The patient developed alopecia three days later and survived with multiple medical co-morbidities as a result of the overdose but is currently able to live independently. She later confirmed the overdose of colchicine.
This case report describes a patient with unrecognised near-lethal colchicine overdose who had symptoms and signs of severe toxicity and who was initially listed for liver transplantation using criteria for paracetamol-induced liver failure.
Colchicine is an alkaloid obtained from Colchicum autumnale and related species, a treatment used primarily in the setting of acute gout. However it may also be used in the management of familial Mediterranean fever, primary biliary cirrhosis, amyloidosis, dermatitis herpetiformis and Sweets syndrome. Its anti-inflammatory effects are mediated by its ability to inhibit microtubule and polymorphonuclear leucocyte activity. Colchicine is antimitotic, blocking mitosis in metaphase, thus preventing DNA synthesis. It also inhibits urate crystal deposition but does not prevent progression to chronic gouty arthritis.

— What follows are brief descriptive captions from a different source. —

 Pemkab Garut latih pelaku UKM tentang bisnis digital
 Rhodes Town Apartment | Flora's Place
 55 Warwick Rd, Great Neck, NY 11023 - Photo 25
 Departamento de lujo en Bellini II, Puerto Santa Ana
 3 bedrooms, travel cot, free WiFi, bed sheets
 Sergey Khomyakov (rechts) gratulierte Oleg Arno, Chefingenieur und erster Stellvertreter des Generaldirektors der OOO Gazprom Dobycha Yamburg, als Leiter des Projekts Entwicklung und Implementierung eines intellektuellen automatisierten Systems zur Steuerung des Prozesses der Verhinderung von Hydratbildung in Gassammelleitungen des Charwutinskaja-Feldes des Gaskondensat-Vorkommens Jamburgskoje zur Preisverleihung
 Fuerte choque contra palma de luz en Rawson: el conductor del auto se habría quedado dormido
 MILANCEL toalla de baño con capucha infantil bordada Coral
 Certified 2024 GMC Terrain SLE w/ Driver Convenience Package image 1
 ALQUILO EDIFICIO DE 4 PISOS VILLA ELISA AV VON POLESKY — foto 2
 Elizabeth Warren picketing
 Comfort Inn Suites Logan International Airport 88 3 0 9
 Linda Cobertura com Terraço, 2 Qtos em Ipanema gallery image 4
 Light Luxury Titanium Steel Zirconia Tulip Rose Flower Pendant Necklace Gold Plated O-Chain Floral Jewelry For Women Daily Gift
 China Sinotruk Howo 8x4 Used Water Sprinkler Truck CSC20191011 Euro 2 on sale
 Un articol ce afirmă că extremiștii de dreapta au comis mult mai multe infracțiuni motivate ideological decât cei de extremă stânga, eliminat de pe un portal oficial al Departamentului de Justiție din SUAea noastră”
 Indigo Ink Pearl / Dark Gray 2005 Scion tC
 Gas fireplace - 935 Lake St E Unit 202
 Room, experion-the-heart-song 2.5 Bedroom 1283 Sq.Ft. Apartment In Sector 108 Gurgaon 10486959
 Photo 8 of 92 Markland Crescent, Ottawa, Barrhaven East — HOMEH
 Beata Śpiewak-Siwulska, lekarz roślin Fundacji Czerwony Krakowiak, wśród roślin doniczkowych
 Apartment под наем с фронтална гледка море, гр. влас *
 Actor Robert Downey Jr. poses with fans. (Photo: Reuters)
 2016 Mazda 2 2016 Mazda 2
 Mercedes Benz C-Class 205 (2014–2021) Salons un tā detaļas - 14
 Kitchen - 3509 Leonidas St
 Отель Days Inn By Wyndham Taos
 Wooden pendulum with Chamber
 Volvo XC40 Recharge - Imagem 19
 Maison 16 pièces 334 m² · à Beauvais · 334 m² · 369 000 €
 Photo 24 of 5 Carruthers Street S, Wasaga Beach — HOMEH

The drug is rapidly absorbed from the gastrointestinal tract, with peak levels occurring within 0.5 to two hours following oral ingestion. It is partially deacetylated in the liver with extensive first-pass metabolism. The oral bioavailability of colchicine is between 25% and 50% and found in high concentrations in leucocytes, kidneys, liver and spleen'. Elimination is by hepatic metabolism and the elimination half-life is approximately 30 hours after an overdose Z.
Any intentional ingestion of colchicine should be considered potentially lethal. (2) In a French series of 84 patients admitted with colchicine poisoning in an 11-year period, all patients who had ingested less than 0.5 mg/kg survived, whereas all those who ingested greater than 0.8mg/kg died within 72 hours of the ingestion (8). There is a 10% mortality for those who ingested between 0.5-0.8 mg/kg of colchicine. Hence, where possible, risk assessment is made on the ingested dose Z.
The classic presentation of colchicine toxicity can be divided into three phases. The first phase, up to 24 hours after ingestion, is characterised by gastrointestinal symptoms, electrolyte imbalance, hypovolaemia and peripheral leucocytosis (2,3). The patient may experience a feeling of burning and rawness in the mouth and difficulty in swallowing'. Nausea, vomiting, diarrhoea, abdominal pain and anorexia can all mimic a primary abdominal process which may be referred to general surgery or gastroenterologists. Such symptoms correspond to gastrointestinal mucosal damage and impairment of secretion of normal mucosal enzymes (4). Significant fluid loss due to vomiting and diarrhoea may lead to hypovolaemic shock (5).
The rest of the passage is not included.